■ **What needs to be done**
The expected output is each line in the data below that includes the string "купить".

========

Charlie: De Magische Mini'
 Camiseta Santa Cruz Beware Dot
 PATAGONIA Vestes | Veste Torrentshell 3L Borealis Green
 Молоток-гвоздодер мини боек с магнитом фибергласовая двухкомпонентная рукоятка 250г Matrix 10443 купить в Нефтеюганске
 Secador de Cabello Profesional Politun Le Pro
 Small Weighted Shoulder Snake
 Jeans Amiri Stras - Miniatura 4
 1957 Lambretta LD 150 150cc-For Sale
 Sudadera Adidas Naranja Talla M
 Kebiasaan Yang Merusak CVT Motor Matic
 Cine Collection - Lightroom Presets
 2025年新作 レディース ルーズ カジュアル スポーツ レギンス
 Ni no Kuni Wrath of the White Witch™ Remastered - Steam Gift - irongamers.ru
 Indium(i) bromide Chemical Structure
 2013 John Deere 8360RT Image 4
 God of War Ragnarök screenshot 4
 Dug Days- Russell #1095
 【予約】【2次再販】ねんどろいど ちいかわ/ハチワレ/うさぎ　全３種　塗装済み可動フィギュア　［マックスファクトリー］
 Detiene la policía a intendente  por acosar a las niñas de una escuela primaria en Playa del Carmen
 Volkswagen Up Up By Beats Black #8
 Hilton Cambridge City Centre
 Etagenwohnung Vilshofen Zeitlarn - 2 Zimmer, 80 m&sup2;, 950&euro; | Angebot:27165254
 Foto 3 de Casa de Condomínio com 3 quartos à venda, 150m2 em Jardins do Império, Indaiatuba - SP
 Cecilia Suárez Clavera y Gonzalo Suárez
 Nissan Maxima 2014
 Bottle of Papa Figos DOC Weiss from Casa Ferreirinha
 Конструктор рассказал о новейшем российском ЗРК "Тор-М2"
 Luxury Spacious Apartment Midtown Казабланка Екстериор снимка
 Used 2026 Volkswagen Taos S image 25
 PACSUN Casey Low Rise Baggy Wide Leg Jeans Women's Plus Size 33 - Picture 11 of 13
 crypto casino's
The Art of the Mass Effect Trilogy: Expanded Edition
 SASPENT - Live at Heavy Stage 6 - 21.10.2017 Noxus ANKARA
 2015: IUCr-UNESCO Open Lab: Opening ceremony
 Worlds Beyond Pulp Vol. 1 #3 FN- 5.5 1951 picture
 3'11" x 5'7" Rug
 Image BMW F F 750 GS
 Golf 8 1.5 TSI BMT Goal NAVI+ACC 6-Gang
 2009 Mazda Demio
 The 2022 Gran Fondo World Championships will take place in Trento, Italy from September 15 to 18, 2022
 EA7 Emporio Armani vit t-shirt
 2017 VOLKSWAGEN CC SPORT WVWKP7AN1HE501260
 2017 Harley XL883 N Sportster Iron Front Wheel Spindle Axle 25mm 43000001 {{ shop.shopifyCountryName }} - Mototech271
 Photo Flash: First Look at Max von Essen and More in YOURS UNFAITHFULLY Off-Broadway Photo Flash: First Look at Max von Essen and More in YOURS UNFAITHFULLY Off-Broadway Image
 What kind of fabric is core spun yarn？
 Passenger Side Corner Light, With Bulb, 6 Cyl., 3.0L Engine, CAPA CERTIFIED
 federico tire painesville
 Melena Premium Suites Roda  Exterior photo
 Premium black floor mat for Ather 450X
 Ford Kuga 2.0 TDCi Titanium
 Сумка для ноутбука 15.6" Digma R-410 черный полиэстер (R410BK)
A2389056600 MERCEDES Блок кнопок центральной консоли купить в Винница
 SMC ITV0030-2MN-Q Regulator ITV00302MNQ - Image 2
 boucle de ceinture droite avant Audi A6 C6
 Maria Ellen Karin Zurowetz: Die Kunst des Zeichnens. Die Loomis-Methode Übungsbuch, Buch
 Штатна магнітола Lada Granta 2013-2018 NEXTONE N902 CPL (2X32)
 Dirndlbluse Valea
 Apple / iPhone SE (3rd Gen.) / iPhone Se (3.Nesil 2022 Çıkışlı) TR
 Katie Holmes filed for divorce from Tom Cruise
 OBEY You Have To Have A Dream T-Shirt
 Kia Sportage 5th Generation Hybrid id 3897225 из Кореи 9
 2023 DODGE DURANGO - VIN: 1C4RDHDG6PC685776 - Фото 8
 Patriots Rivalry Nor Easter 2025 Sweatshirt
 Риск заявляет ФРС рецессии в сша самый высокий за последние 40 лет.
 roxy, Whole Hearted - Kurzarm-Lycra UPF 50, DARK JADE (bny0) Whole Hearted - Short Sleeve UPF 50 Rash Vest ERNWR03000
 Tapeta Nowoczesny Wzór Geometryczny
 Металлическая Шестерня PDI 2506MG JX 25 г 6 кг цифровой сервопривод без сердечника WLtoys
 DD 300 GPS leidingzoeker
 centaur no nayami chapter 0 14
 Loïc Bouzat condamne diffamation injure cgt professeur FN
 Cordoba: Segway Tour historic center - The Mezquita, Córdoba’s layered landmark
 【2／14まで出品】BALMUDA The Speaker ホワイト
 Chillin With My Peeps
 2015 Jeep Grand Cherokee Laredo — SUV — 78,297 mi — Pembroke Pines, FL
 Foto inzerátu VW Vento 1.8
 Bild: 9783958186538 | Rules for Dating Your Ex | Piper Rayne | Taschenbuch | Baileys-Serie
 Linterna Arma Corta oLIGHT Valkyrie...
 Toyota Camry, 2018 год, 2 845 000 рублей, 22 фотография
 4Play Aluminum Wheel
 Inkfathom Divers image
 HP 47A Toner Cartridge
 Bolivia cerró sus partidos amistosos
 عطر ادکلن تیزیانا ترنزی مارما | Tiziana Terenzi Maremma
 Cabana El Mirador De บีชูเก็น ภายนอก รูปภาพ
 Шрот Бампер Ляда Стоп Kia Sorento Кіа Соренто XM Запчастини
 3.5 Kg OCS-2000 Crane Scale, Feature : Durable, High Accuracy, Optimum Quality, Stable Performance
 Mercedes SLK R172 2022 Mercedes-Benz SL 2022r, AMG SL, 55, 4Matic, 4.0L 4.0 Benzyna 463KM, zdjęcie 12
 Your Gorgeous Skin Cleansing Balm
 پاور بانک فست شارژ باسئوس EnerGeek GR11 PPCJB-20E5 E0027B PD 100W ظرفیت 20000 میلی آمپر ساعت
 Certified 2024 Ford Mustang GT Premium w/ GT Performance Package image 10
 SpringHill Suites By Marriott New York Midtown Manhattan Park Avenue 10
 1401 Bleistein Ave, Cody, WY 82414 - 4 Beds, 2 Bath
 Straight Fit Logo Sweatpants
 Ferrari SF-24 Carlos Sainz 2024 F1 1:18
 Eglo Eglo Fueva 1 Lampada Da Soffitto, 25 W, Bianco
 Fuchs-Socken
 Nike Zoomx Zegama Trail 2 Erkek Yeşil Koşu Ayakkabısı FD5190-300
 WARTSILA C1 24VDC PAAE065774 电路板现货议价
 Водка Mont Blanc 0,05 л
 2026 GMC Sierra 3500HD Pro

========

■ **Answer box**
 Молоток-гвоздодер мини боек с магнитом фибергласовая двухкомпонентная рукоятка 250г Matrix 10443 купить в Нефтеюганске
A2389056600 MERCEDES Блок кнопок центральной консоли купить в Винница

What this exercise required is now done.